A web search will show you thousands of web sites, videos, articles, and books about this topic — so many that knowing where to start can be difficult. Here are a few suggestions.
The Human Trafficking 101 training from Polaris
Slavery in History: a free e-book from Free The Slaves
The Palgrave Handbook of Global Slavery throughout History: available for on-line borrowing from Archive.org
Slave Free Today lists 31 video documentaries and 22 TED-style Talks
Matt Friedman’s powerful Ted Talks Where were you? and Every 15 seconds
A web search will find many podcasts about HT/MS, but the following lists some of the more enduring podcast series that are still producing new episodes in 2024:
Celia Williamson's Emancipation Nation
Sandie Morgan's Ending Human Trafficking Podcast
RAGAS does not promote specific organisations, but we encourage Rotarians to seek out organisations to personally support.
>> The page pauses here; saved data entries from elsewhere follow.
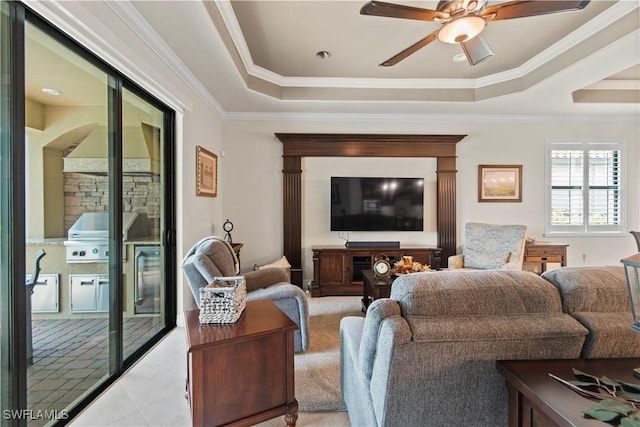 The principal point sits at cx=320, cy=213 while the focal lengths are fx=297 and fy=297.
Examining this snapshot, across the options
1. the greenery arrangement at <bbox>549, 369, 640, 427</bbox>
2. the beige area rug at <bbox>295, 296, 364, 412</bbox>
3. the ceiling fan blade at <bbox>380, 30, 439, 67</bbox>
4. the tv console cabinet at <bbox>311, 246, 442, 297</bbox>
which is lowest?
the beige area rug at <bbox>295, 296, 364, 412</bbox>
Polaris created the Global Modern Slavery Directory which now lists over 2,500 organisations and has a search function that may help you find groups that match your own focus and location.
A significant driver of human trafficking is the demand for cheap goods and services. So one thing we can all do is reduce that demand by adding ethical considerations to our purchasing. That is most obvious in areas like sex trafficking, where the demand for coerced commercial sex is directly linked to the abuse and exploitation of sex workers. But even when the consumer is several steps along the supply chain away from the actual abuse, the consumer nevertheless generates the demand which necessitates the abuse.
A key challenge, however, is the difficulty in knowing whether our purchases contribute to labour exploitation or not. We may suspect that a super-cheap t-shirt imported from another country cannot possible pay ethically for all the costs of manufacture and distribution, but then simply paying more for a different t-shirt may not be any better.
Several anti-trafficking initiatives help to inform consumers about the ethical stance of major brands. For instance:
The Chocolate Scorecard, led by Australia's Be Slavery Free
Australia's Baptist World Aid Ethical Fashion Guide
The UK organisation Ethical Consumer includes a category in their rating system for treatment of workers
One way Rotarians can use their influence is to lobby large corporations and government agencies to address the risks of modern slavery. You might do that through personal connections with managers of corporate social responsibility (CSR) strategies, or through existing lobby groups.
The top-down approach seeks to create appropriate laws, public policies, and codes of practice that protect people from being exploited, and constrain the behaviours of those who would exploit others. Such top-down pressure can strengthen the rule of law, protect human rights, increase the ethical dimension of supply chains, and alter what society overall considers acceptable behaviour.
Examples of this approach include:
The Bali Process on People Smuggling, Trafficking in Persons and Related Transnational Crime (normally just called The Bali Process)
In the sex trafficking area, the US-based National Center on Sexual Exploitation (NCOSE).
A bottom-up approach seeks to facilitate change through grassroots community building. We can all exemplify the kinds of personal virtue and relational integrity to those around us and encourage others to do the same. Our small spheres of influence in our families, friends, work places, churches and other community organisations can create a kinder, more generous, and less abusive society.
As long-term anti-trafficking advocate and RAGAS member Matthew Friedman advises in Be The Hero: Be The Change, we do not need a few huge acts of monumental heroism but millions of small acts of everyday heroism.
Make a personal commitment to live in a way that respects everyone's human dignity. See the world as a co-operative rather than competitive venture. Be a protector rather than predator. Encourage others to do the same. Challenge situations where that is not happening.
For all our passionate desire to end these horrendous practices, we need to be aware that just the intention to help is not enough. Helping other people is actually very hard, and even more so in extreme situations like modern slavery / human trafficking.
In all we do to disrupt the system of human trafficking, we should ...
Avoid the cowboy rescue model. When rescuing victims is important, it needs to be done in collaboration with law enforcement and social support services.
Not blame the victim (e.g. through law enforcement paradigms that arrest prostitutes)
Avoid traumatising survivors further. For instance, do not share survivor photos or stories without their deep consent. See Ethical Storytelling for further suggestions.